Nonetheless, he said, the 3-D industry has advanced to the introduction of 4-D printing, with the fourth dimension of production being time—i.e., a component’s ability to change over time.

Editor’s Note: More information and demonstrations of 4-D printing are available on Swiss Re’s website and in a 2013 TED Talk available on YouTube:

Weireter explained that 4-D printing can create objects constituted at the molecular or “nano” level to adapt to changes in conditions.

As examples, he stated that a 4-D pipe can be designed and created to expand or contract in response to changes in water pressure. Similarly, “printed” bricks can be designed to shift building stress under different conditions.

4-D printing can even produce medical implants that will change their shape and positioning as a person’s body changes over time.

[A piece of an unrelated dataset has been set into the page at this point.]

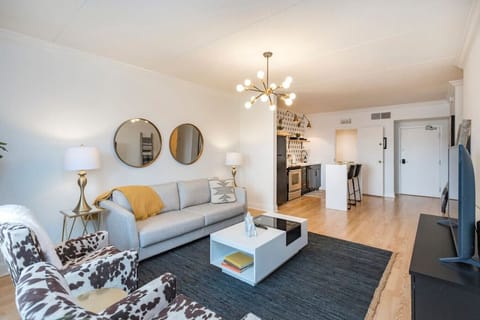 Living room with a Queen pullout couch. Smart TV with with YouTube TV for cable. Queen air mattress also available. Plenty of seating plus a couple board games!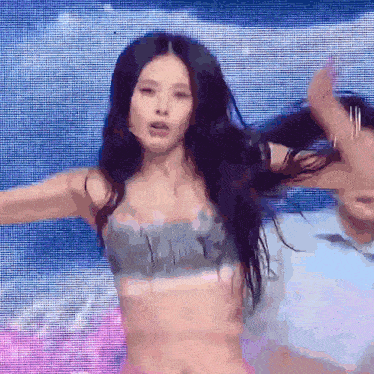 a woman in a bikini top is dancing with a man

As stated above, 3-D printing could dramatically shrink or eliminate inventories and supply chains, as outlets will be able to produce products on demand from small, compact supplies of bulk materials. “There’s no inventory and there’s no cost to transport the material,” Weireter said. “For customers, it’s what you want, when you want it, where you want it.”

Taking the concept to the next level, Weireter said that Amazon recently received patents for vehicles that will include mobile 3-D printers. The vehicles will allow the distribution giant to fulfill orders almost immediately. Orders will be communicated to delivery vehicles already on the road, and products can be printed as the vehicles are routed to newly added delivery destinations.

Products Liability

While exhilarating to contemplate, 3-D printing raises a host of product liability concerns as manufacturing is introduced into more and more enterprises.

For example, Weireter said, now that pharmacies can “print” the compounds they need to develop certain drugs, do they become pharmaceutical risks? What if 3-D printing applications allow physicians to produce medications in their offices, or individuals in their homes?

These are examples of potentially severe exposures requiring careful underwriting and rating consideration, Weireter said. Even a hobbyist’s printing of simple toys can create liability if parts break off and are swallowed by a child.

As Weireter explained it, 3-D printing blends and disperses the three principal functions of manufacturing and the resulting liability: design, manufacturing and warnings.

If an end user modifies a design, who has the design exposure, and how is any resulting liability apportioned? If the end product has a defect, how do you pinpoint the source of the error?

“Who is who in this chain of events?” Weireter asked. “In 3-D printing, a lot of people take on aspects of design and manufacturing.”

In a related sense, “traceability,” the ability to identify which process in which facility caused a product defect, becomes complicated and difficult with 3-D printing. “Today, you can go back to facilities, find the problem and fix it,” he said. “With 3-D printing, where do you go?

“It creates a gray area between CGL and professional liability.”